Un suburbio que no es cualquier otro
Hay una iconografía tan vasta como definitoria por parte de Hollywood hacia sus décadas. Los '50 son uno de sus ejemplos suficientes, en tanto escenario que visitar tantas veces haga falta. Enunciar aquellos años es también rememorar la imagen de almanaque de una organización económica con familia modelo, en suburbios cuadriculados, de plástico naciente y luz blanca. Un modelo idílico, que cuadra en la imaginería de mucho cine, sea como escenario de infancia ‑lúdica para el caso de Steven Spielberg, taciturna para el de Tim Burton‑ o como fresco de matices irónicos ‑la desmemoria que practica Frank Darabont con El Majestic o la saña que David Lynch introduce en forma de oreja con Terciopelo azul‑.
En todo caso, no es casual que los '50 sean la década predilecta del naciente medio televisivo, de pregnancia irrebatible y en confrontación con el cine. Si el cine era "más grande que la vida", la TV vino a decir lo contrario. El macartismo tuvo asidero en esos años; un mundo que el cine del realizador George Clooney ya recorriera con la notable Buenas noches, y buena suerte. Ahora lo hace con Suburbicon, así que bienvenidos, otra vez, a los suburbios mentirosamente encantados de la "vida americana".
A partir de la argucia y su promesa de un paraíso de clase media, el film de Clooney se mete a vivir dentro de esas paredes de textura lisa con jardín bien verde, para descubrir un crimen que hará foco en la vida familiar de Gardner (Matt Damon), financista adusto, templado, que vive con su mujer y cuñada (ambas, interpretadas por Julianne Moore).

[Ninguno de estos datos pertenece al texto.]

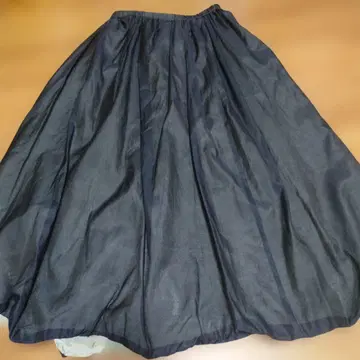 Lisette 블랙 플레어 스커트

La importancia no estará puesta en él, sino en su hijo Nicky, quien habrá de saber de a poco que los adultos no son lo que parecen y que más vale desconfiar.
Al mismo tiempo, una familia de color decide vivir en el mismo vecindario. De manera tal que los problemas no tardarán en agudizarse. En este sentido, el film se articula desde una narrativa dual, de acción paralela, pero sin perder el acento en la mirada de Nicky.

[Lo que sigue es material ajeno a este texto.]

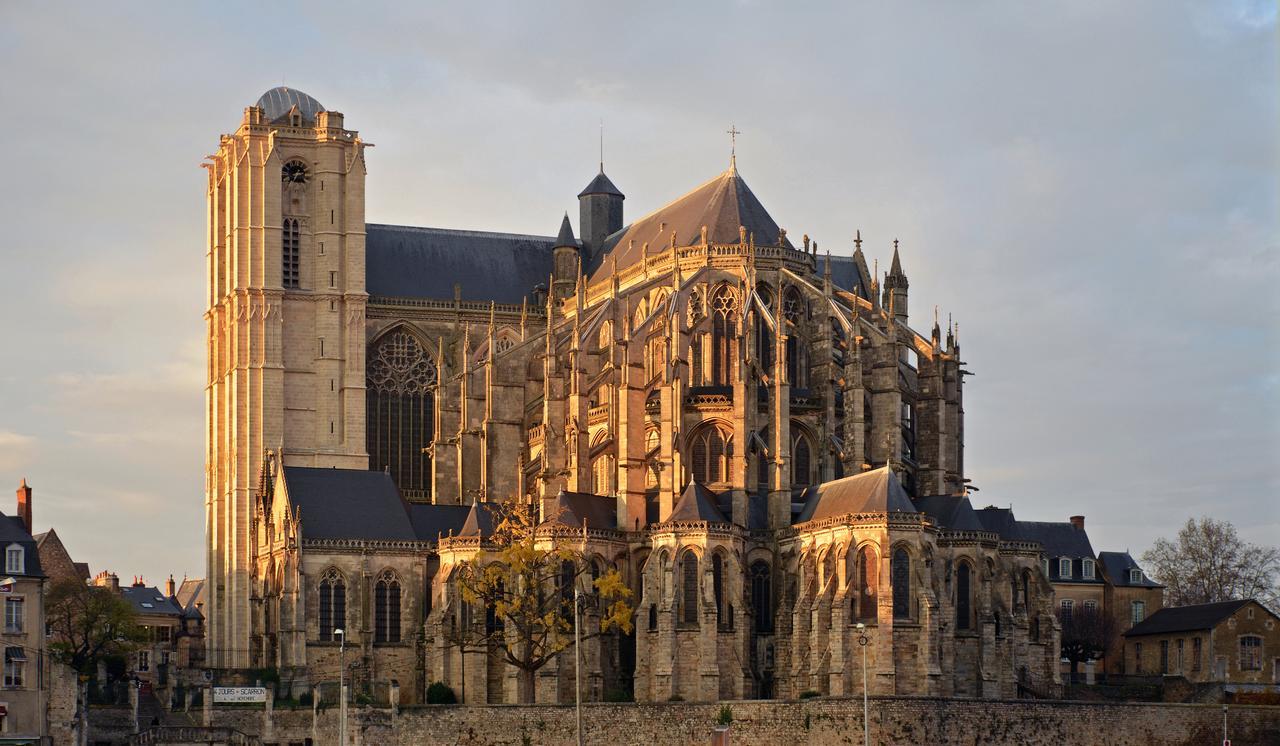 Hotel Des 4 Continents - Le Mans Saint-Saturnin  Exterior foto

Puede achacársele al film no contener en demasía la propuesta, que patina hacia situaciones extravagantes. Podría, por ello, pensarse en que la participación de Joel y Ethan Coen en el apartado guión seguramente suscitara mucho del absurdo, tendiente a sobresalir como una selección de momentos que podrían desequilibrar el asunto.
De todos modos, la mirada del film no pierde tino. Clooney, tal vez, no se haya resistido a filmar esos momentos delirantes protagonizados por el investigador de pólizas (Oscar Isaac). ¿Cómo culparlo? Isaac es un actor de corte tan "coeniano" como John Turturro, es brillante; además, el propio Clooney es parte preferencial de este séquito de palurdos marca "hermanos Coen". Así que, ¿por qué no dejar que el film juegue esos momentos desde un divague casi estrafalario? Visto que el cine norteamericano se ha vuelto tan conservador, tan repetido, tan carente de vigor, mejor un par de escenas disparatadas, casi tendientes a trastabillar, antes que cualquiera de esos panfletos de estreno semanal.

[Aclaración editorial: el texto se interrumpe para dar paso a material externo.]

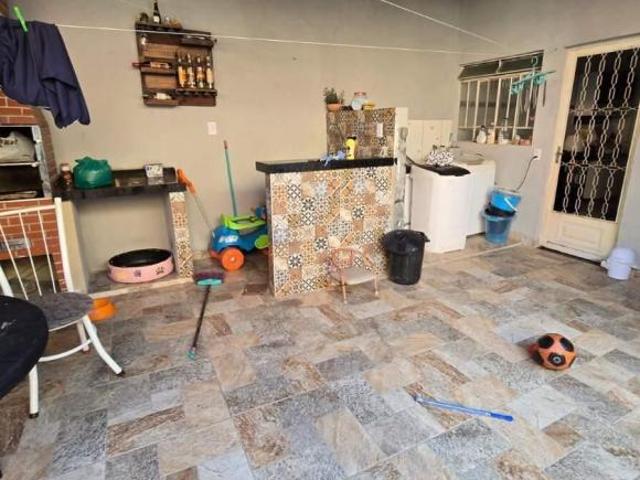 Casa venda em Dores de Guanhães, Região Geográfica Intermediária de Governador Valadares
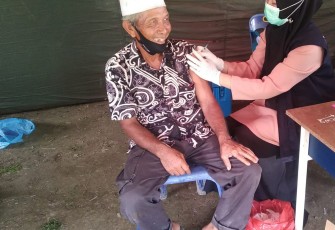 Tenaga Kesehatan Kabupaten Aceh Singkil saat melakukan kegiatan vaksinasi massal covid-19 disalah satu desa dalam Kecamatan Singkil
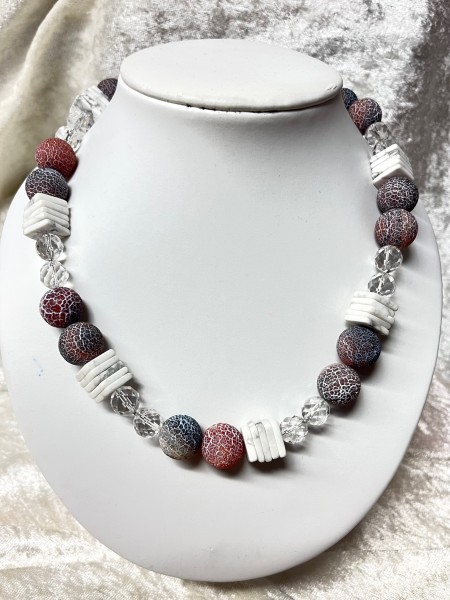 Kette Howlith, Bergkristall, Achat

Por otra parte, no hay que perder de vista que el enunciado con el cual Suburbicon se presenta es el de la patraña publicitaria, con sus caritas sonrientes y música adocenada. Algo que trocará en mueca, en el mismo market donde las familias de bien hacen las compras. El absurdo del film, por todo esto, no merecería ser cuestionado. Menos aún cuando el desenlace guarda una imagen que replica otra: Nicky mira televisión luego de lo sucedido. ¿Qué destino le espera?
Es por esta imagen (que no es la última, otra escena presagia algo mejor) que George Clooney reitera ‑como en Buenas noches, y buena suerte‑ una misma práctica, la de un mundo de imágenes (cine) en contraste con otro (televisión). El cine siempre pudo mirar y mirarse críticamente. No es poco.